L’option la plus connue est peut-être celle d’un collisionneur linéaire, construit au CERN ou ailleurs, mais ce n’est pas la seule. Une autre s’est fait jour lors de la récente mise à jour de la stratégie européenne pour la physique des particules, qui a recommandé entre autres de mener un vigoureux programme de R&D axé sur des machines hadroniques ou leptoniques à la frontière des hautes énergies. Dans cet esprit, nous lançons sur cinq ans une étude de conception internationale sur le potentiel de futurs collisionneurs circulaires (étude FCC), qui sera centrée sur un collisionneur de hadrons à l’énergie de collision de 100 TeV abrité dans un tunnel de 80 à 100 km de circonférence. Elle complètera les études en cours, déjà bien avancées, sur des collisionneurs linéaires.

L’étude FCC se penchera aussi sur le potentiel d’un collisionneur de leptons de même taille comme étape intermédiaire, et examinera l’option lepton-hadron. Toutes ces propositions ont leurs partisans et des groupes de travail informels ont déjà été constitués : VHE-LHC pour la machine hadronique, TLEP pour la machine leptonique et VLHeC pour le collisionneur lepton-hadron. L’étude FCC sert de cadre d’examen formel de ces propositions. Sa durée a été fixée à cinq ans afin qu’elle puisse servir de base à la prochaine mise à jour de la stratégie européenne, prévue pour 2018. Le coup d’envoi de l’étude sera donné lors d’une réunion qui aura lieu au CERN en février. Pour plus d’informations, consultez Indico.

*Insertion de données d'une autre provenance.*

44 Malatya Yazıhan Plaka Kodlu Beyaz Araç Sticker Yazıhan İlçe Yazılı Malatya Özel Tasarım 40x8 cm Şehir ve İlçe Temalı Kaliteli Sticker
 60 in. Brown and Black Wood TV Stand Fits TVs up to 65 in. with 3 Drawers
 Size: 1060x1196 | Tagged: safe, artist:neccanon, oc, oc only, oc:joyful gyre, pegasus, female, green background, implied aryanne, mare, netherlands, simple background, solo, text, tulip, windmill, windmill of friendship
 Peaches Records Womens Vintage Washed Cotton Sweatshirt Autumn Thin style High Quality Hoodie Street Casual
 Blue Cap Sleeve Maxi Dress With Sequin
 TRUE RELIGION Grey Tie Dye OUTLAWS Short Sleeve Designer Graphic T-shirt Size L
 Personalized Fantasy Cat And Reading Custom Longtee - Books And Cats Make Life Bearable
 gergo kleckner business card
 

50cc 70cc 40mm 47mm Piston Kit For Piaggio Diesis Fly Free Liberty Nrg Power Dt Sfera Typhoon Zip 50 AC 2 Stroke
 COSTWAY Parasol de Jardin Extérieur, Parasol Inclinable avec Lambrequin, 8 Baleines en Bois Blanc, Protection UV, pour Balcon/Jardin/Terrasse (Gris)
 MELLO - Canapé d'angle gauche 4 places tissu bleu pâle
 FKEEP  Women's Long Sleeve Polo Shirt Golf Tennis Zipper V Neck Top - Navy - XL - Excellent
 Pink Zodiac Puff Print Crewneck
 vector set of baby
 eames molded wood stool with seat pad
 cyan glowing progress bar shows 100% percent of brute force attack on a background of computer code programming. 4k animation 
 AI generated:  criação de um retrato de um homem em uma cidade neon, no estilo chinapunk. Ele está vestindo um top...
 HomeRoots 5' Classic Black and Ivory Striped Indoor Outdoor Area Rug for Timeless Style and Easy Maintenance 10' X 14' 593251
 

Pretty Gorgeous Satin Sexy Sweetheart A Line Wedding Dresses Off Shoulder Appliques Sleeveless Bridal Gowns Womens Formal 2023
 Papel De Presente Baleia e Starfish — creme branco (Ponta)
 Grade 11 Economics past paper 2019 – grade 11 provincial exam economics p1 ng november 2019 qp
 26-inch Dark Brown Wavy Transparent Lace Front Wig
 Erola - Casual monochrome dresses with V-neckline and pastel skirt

Comme l’étude VBA en son temps, l’étude FCC prendra en compte toutes les options possibles pour un tunnel circulaire, même si priorité sera donnée à une machine hadronique. Les deux études ont également un autre point important en commun : elles partent du principe que l’Europe ne peut agir seule. C’est pourquoi nous invitons nos collègues du monde entier à se joindre à nous en février pour nous aider à amorcer le processus qui va permettre de passer à la prochaine étape de l’histoire mondiale de la physique des particules.